Data records —
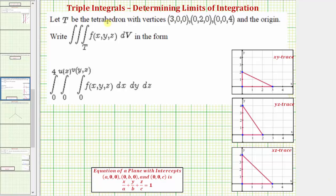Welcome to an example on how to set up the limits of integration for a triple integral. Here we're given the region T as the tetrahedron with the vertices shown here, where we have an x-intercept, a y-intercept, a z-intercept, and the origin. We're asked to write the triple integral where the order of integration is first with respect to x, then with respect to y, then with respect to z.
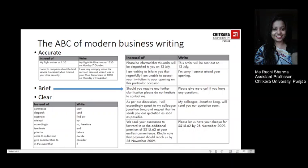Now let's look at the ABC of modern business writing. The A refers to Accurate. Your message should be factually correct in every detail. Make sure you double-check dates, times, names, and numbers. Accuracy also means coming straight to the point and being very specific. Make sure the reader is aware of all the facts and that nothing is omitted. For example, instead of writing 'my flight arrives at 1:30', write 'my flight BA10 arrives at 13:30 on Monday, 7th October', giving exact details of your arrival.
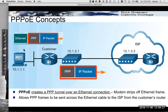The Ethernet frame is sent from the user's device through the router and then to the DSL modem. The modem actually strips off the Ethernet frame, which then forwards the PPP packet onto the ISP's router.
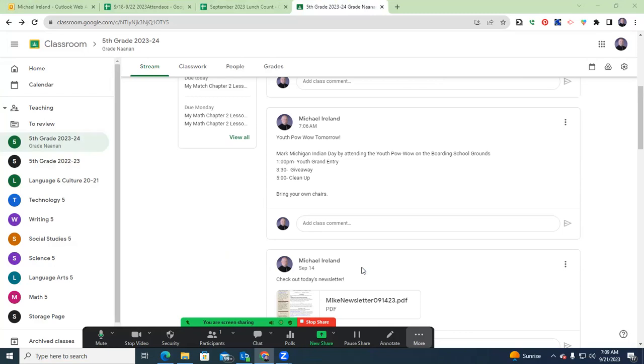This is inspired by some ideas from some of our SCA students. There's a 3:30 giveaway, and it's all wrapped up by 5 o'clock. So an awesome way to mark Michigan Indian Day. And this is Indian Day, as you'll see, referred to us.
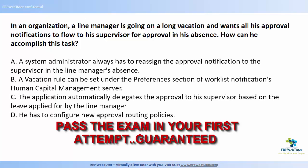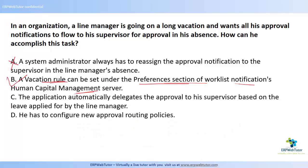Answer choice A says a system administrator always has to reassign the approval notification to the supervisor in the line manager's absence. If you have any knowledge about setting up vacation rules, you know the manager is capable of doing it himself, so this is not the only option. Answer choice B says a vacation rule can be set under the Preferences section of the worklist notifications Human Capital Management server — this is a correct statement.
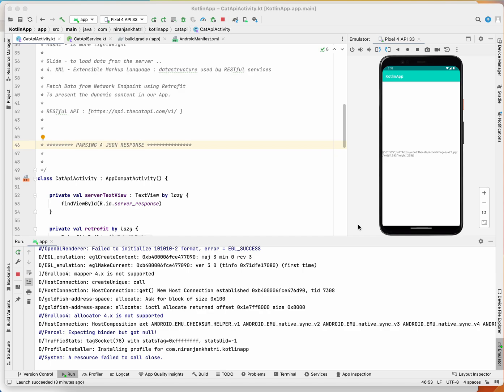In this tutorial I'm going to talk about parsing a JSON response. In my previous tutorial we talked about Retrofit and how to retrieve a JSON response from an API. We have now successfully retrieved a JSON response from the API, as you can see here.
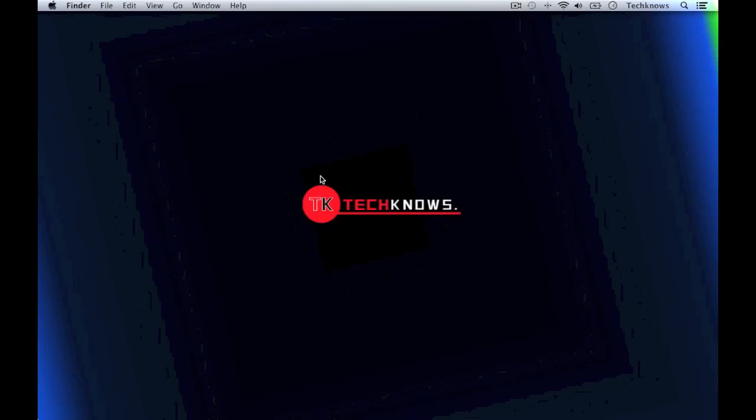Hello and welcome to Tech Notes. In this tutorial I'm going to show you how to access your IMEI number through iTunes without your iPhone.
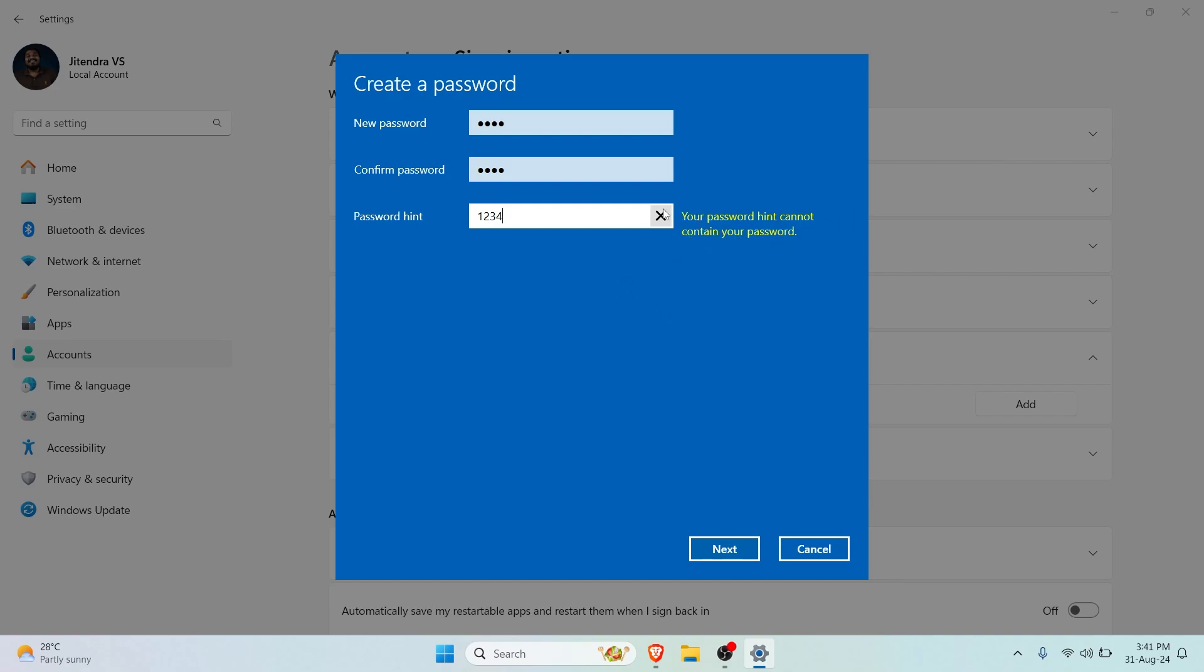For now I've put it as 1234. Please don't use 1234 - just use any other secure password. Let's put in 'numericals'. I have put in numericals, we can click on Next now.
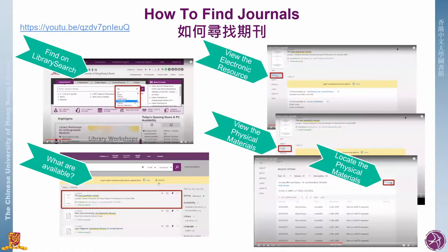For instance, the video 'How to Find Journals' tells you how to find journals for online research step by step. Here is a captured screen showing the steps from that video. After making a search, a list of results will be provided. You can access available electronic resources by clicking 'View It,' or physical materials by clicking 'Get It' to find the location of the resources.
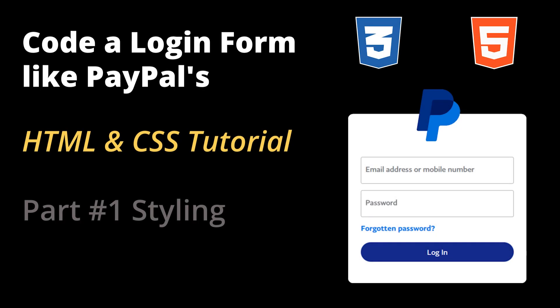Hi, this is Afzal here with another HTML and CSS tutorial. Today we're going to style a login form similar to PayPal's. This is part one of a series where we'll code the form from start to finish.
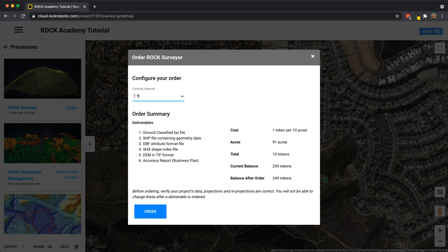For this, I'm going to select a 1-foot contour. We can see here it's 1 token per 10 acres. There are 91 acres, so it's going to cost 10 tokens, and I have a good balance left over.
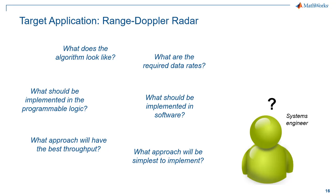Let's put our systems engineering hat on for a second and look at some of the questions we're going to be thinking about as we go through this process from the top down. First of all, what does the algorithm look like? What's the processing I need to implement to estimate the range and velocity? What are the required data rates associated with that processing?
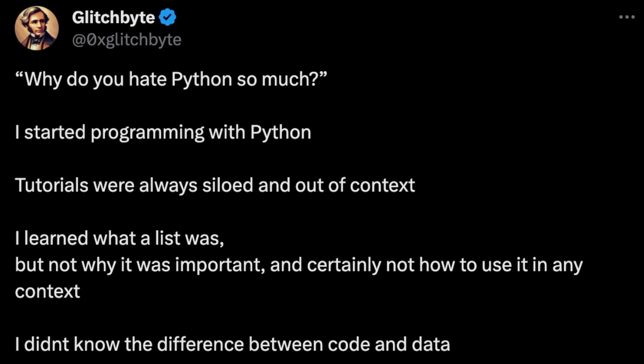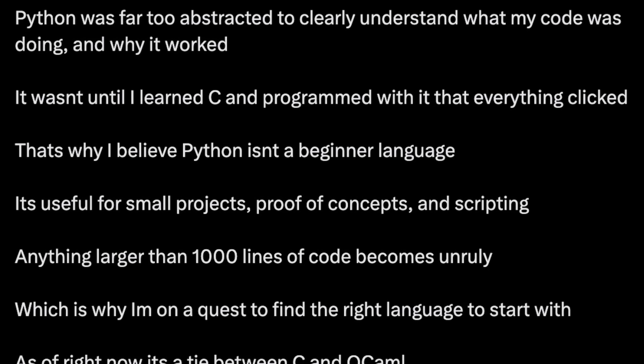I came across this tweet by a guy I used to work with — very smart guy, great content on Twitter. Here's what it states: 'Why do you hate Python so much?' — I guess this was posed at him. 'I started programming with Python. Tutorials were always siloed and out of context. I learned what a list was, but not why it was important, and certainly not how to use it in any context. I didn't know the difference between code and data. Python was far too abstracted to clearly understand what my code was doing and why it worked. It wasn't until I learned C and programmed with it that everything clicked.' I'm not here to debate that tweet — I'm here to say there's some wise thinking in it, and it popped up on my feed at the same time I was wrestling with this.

Exercise directions —
Above are records; repeat only the lines from the line with "The Ethernet frame is" through the line with "This is inspired", and leave pictures out.

Reply —
The Ethernet frame is sent from the user's device through the router and then to the DSL modem. The modem actually strips off the Ethernet frame, which then forwards the PPP packet onto the ISP's router.
This is inspired by some ideas from some of our SCA students. There's a 3:30 giveaway, and it's all wrapped up by 5 o'clock. So an awesome way to mark Michigan Indian Day. And this is Indian Day, as you'll see, referred to us.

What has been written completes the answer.